Summary of Scene Four

 

Mother Courage waits outside the tent of the Catholic forces to complain to an officer about her treatment.

 

The clerk warns her not to complain. She was hiding a Protestant paymaster in her wagon. She declares her innocence, saying they tore her wagon to shreds and made her pay a fine. He replies she should keep her mouth shut. They only let her go because they need canteens. She insists on speaking to the Captain.

 

While she waits an angry soldier comes in to complain also. He is angry because the Captain took his reward money and spent it on drink. He swam the river and saved the Colonel’s horse, and now he wants his reward. Mother Courage defends the man’s right to his reward but tries to calm him down.

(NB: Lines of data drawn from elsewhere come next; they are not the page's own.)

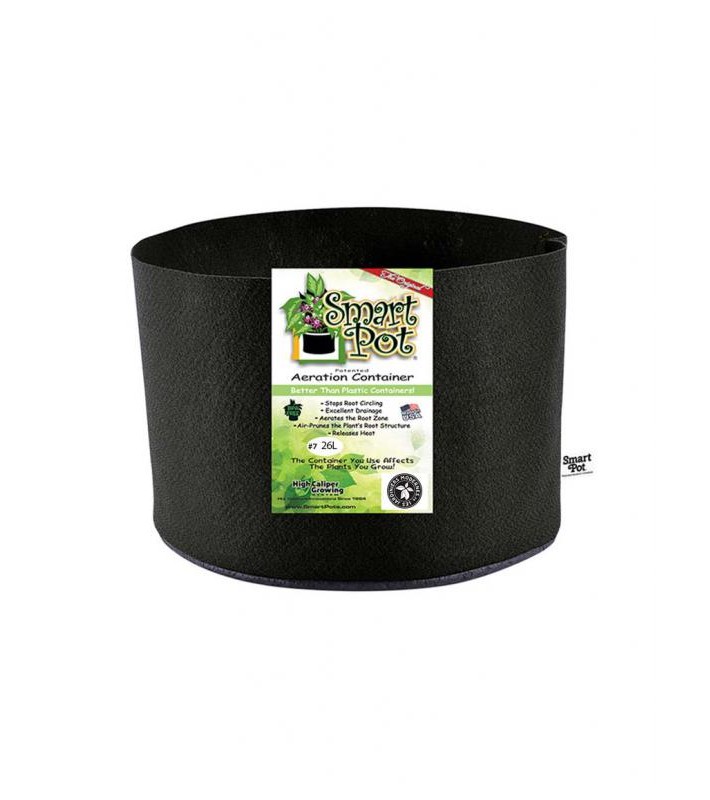 SMART PACK 7 - 26 L - LOT DE 8 POTS - SMART POT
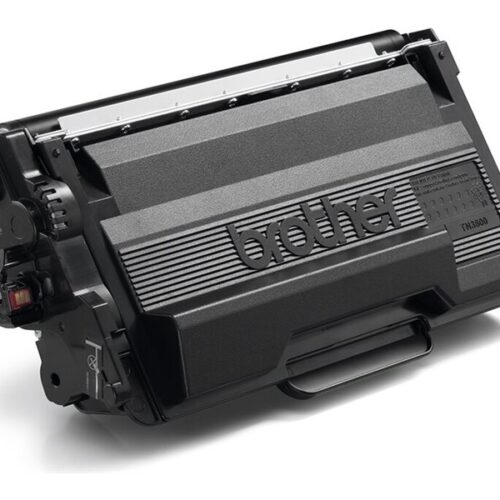 BROTHER TN-3600 Black Toner Cartridge Prints 3.000 pages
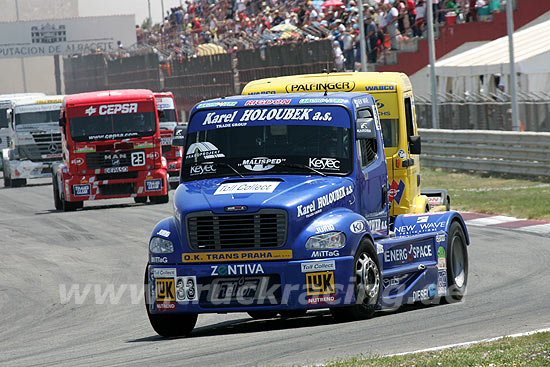 Truck Racing Albacete 2005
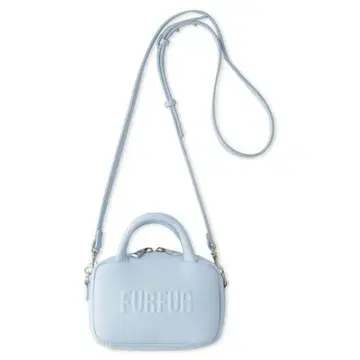 FURFUR 마이크로 스퀘어 보스턴 백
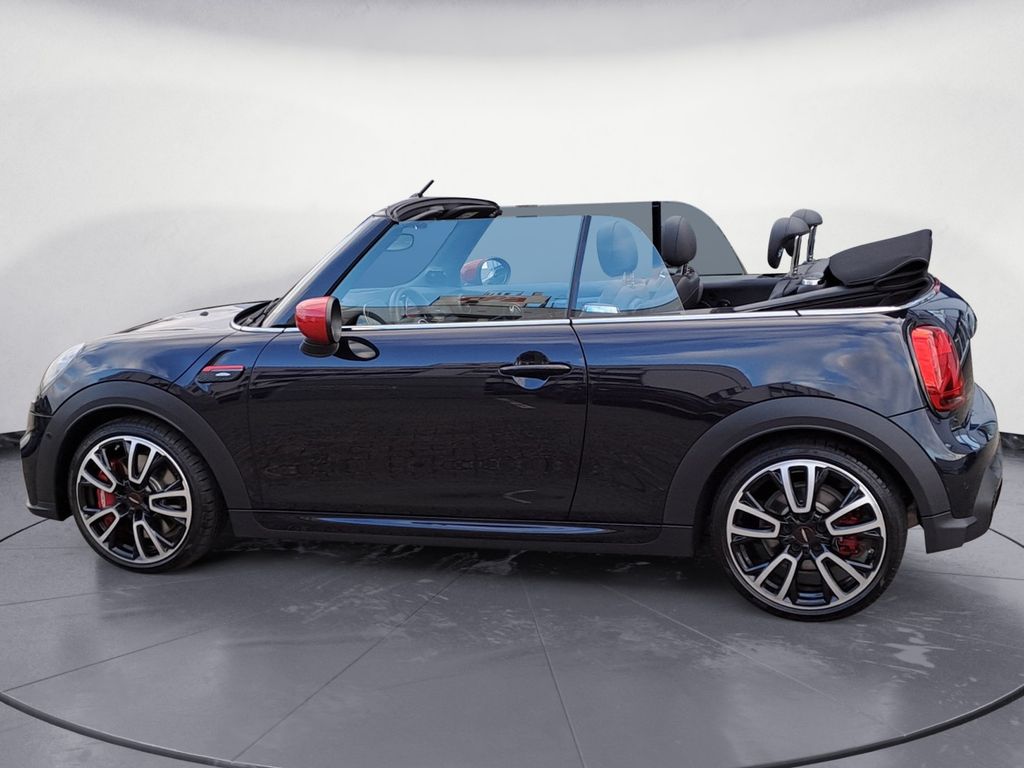 MINI John Cooper Works Cabrio 2022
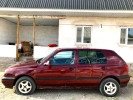 Volkswagen Golf 1993 года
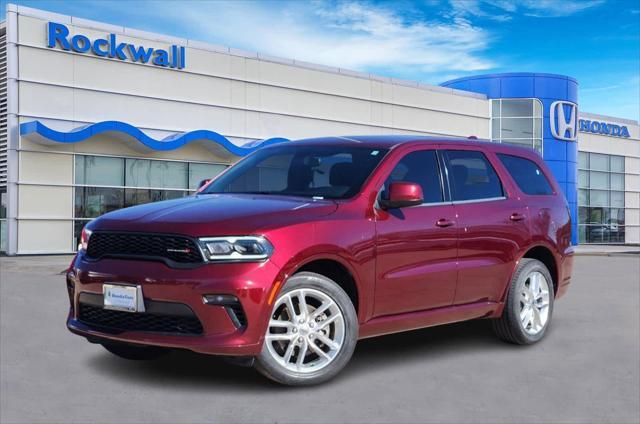 used 2022 Dodge Durango car, priced at $27,425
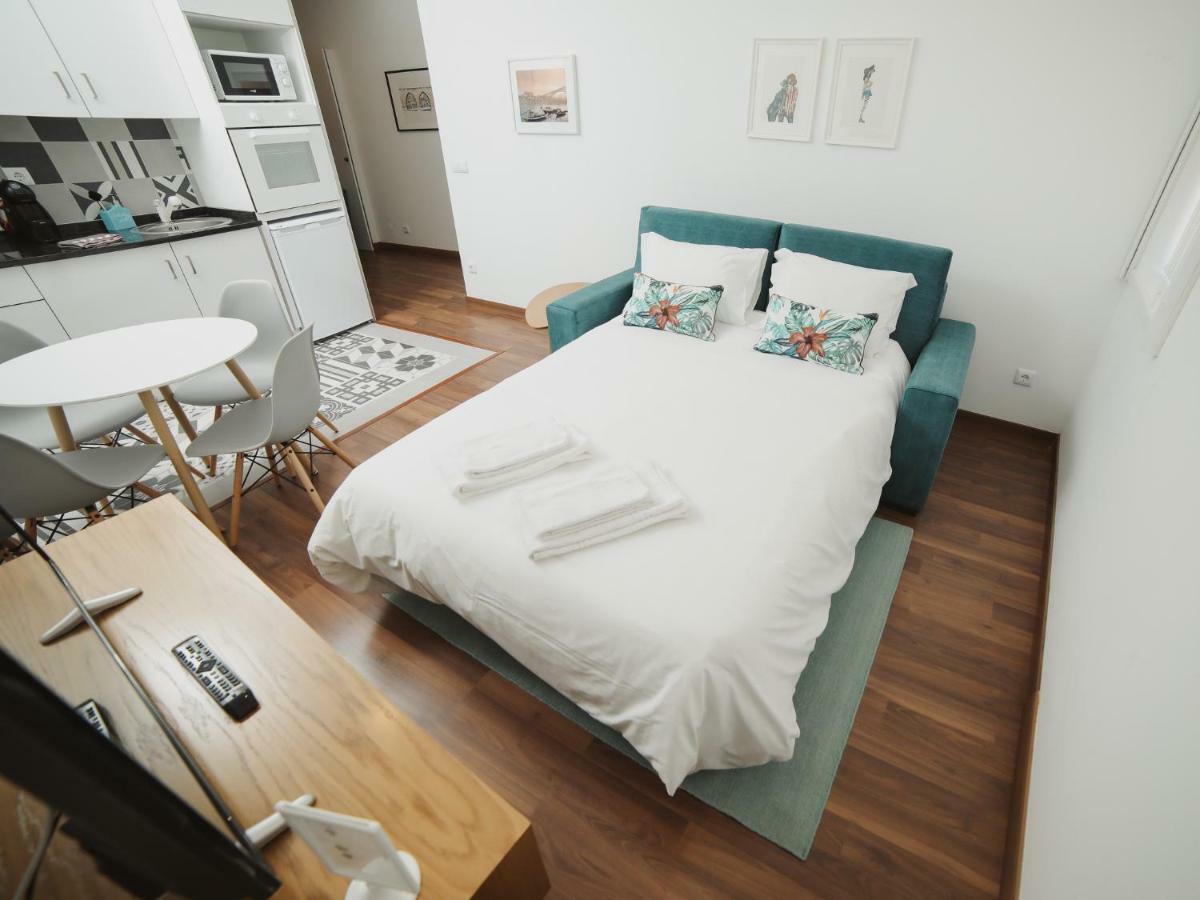 Guestready - Cyan Heaven Downtown Apt Apartment Porto Ngoại thất bức ảnh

He says he is hungry, but she points out his troops trampled the crops in the field. He says he will not stand for injustice, and she asks him “How long won’t you stand for injustice?” (p. 66). Once he is put in the stocks, she says, he will cool off. He would need a very long rage to sustain his sense of injustice. She sings him “The Song of the Great Capitulation” about her youth when she believed she “was a special case” (p. 67). She thought she was the master of her fate, but then experience taught her to march with the rest. Now she tells the wisdom she learned: we make friends; we scratch each other’s backs; we don’t stick our necks out. The soldier walks out the door without complaining, and so does Mother Courage.

 

Commentary on Scene Four

 

Mother Courage remembers what she has learned so far and talks herself and the soldier out of filing a complaint. Better to march with the rest. This scene completes the former scene where Mother Courage demonstrated her ways of capitulation. She was so afraid of not making a buck that she speculated on her own son’s life. Her song shows us how she got to this place where she has become a hardened person, playing the game with everyone else: you have your contacts, you do favors so you can ask favors, and you do not stick out your neck.  This is the world’s wisdom, learned through experience. The scene implies that only the young and uninitiated can afford to have rights, see injustice, or absolute right and wrong. As one travels the road of life, one must sing the song of capitulation, giving in to the way it is. Ideals do not take you through life, as her children, Swiss Cheese and Kattrin prove. Mother Courage survives only because of her toughness, born of long disillusionment and a constant capitulation.